Enfin, nous commençons à comprendre la nature véritable de ceux qui fouinent dans nos données personnelles et nous pouvons essayer de réglementer efficacement leurs pratiques néfastes.

Mais pour commencer, il nous faut comprendre ce que sont les données.

La nature des données

On entend souvent dire que les données sont des placements profitables. Selon le magazine Wired , elles seraient l’équivalent moderne du pétrole. C’est seulement parce que nous ne comprenons pas la vraie nature des données que nous ne sommes pas choqués par ce genre de comparaison.
Prenons un exemple :

Supposons que j’aie une petite figurine. Si je dispose d’assez de données sur elle, je peux avec une imprimante 3D en créer une copie conforme à l’original. Imaginez maintenant ce que je peux faire si je dispose d’assez de données sur vous-même.

Les données sur un objet, si vous en avez une quantité suffisante, deviennent cet objet.

Les données sur vous, c’est vous.

Les données personnelles ne sont pas le nouveau pétrole. Les données personnelles, ce sont les gens eux-mêmes.

Maintenant, il ne s’agit pas de dire que Google, Facebook et les innombrables start-ups de la Silicon Valley veulent faire votre copie en 3D. Non, bien sûr que non. Ces entreprises veulent simplement vous profiler. Pour vous imiter. Pour en faire du profit.

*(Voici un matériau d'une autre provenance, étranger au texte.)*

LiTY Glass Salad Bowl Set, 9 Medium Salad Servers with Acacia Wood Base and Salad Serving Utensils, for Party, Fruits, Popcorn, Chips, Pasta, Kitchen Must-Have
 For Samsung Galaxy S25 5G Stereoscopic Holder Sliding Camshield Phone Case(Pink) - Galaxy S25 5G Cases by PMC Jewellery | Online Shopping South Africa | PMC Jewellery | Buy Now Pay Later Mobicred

Le modèle économique du capitalisme de surveillance, celui de Google, Facebook et des innombrables start-ups de la Silicon Valley, c’est de monétiser les êtres humains. Nous savons tous que Facebook et Google font tourner d’énormes « fermes de serveurs ». Vous êtes-vous jamais demandé ce qu’ils peuvent bien cultiver dans ces fermes ? posez-vous la question et vous devriez arriver rapidement à la conclusion que c’est nous qui sommes « cultivés ». Que sont Google et Facebook si ce n’est des fermes industrielles pour cultiver des êtres humains ?

Une ferme de serveurs

Une ferme de serveurs

Nous les appelons des fermes de serveurs… Vous êtes-vous jamais demandé ce qu’ils peuvent bien cultiver dans ces fermes ?

Si cela vous paraît familier, c’est normal : voilà bien longtemps que nous utilisons diverses variantes de ce modèle économique.

Nous appelons ce business très rentable et pourtant ignoble qui consiste à vendre le corps des humains : « l’esclavage ». Le modèle économique des plus grosses entreprises technologiques consiste à tout monétiser de vous à l’exception de votre corps. Comment appellerons-nous cela ?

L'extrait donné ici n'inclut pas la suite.